Mike Dudas, an investor at crypto venture-capital firm 6MV, worries about those filling the gap. For every Findeisen, there are dozens of anonymous tea accounts that will publish anything that gets them attention. “We’ve seen a rise of folks who have tried to fill the gap left by the traditional media, and more often than not, it’s not a net positive,” Dudas said. “You have a lot of impostors and pseudo experts. They flock toward areas of complexity where people don’t understand things, and they fill that void with loud misinformation.”

“Citizen journalism is susceptible to echo chambers,” Nawfal said, “because if they create drama, they get attention. If they find a fact that goes against what most people believe, many won’t mention it because everyone will disagree with them.”

Many influencers who have garnered mass attention from covering the FTX news are trying to be responsible. Tiffany Fong, a YouTuber and content creator who has been covering the crypto collapse on Twitter, networks regularly with journalists at mainstream outlets, in some cases feeding them scoops she’s not prepared to report out herself. “I had no intention of being an influencer or doing anything journalistic, but when Celsius shut down withdrawals, I had no one to vent to about it,” she said.
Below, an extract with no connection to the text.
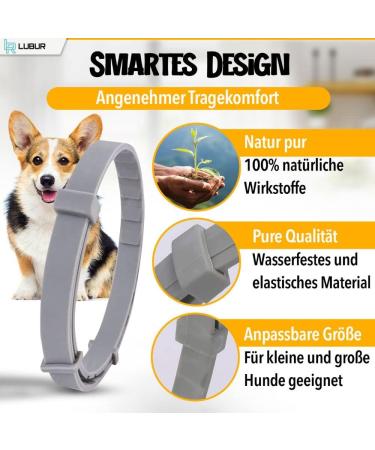 Lubur Flea & Tick Collar for Dogs & Cats - Natural 8-Month Protection Against Fleas & Ticks - Black Color - Buy Online on GoSupps.com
When she received audio from an internal all-hands meeting, she decided to take a two-pronged approach. “I was like, okay, I’ll leak it to the New York Times, and I’ll post the audio to my YouTube channel,” she said.

“I think it’s really cool that anyone can become a reporter at this point,” she said. “People do now look to me for updates on news. It is really cool that anyone can build a platform and become trustworthy and have the power of being a journalist.”
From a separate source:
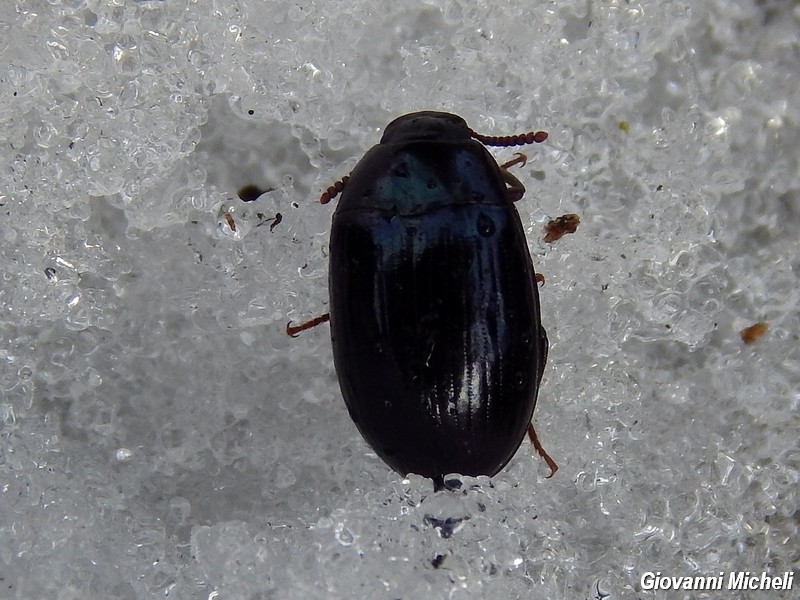 Platydema violaceum, Tenebrionidae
While this new cadre of independent “citizen journalists” might not be working in a traditional newsroom, Fong said they do collaborate and help each other on stories.

“We’re all working together,” she said. “I chatted with Coffezilla and [Dirty Bubble Media]. We’re able to work together and fight for a common cause of getting information out there. It doesn’t feel competitive. We all just want the truth out there.”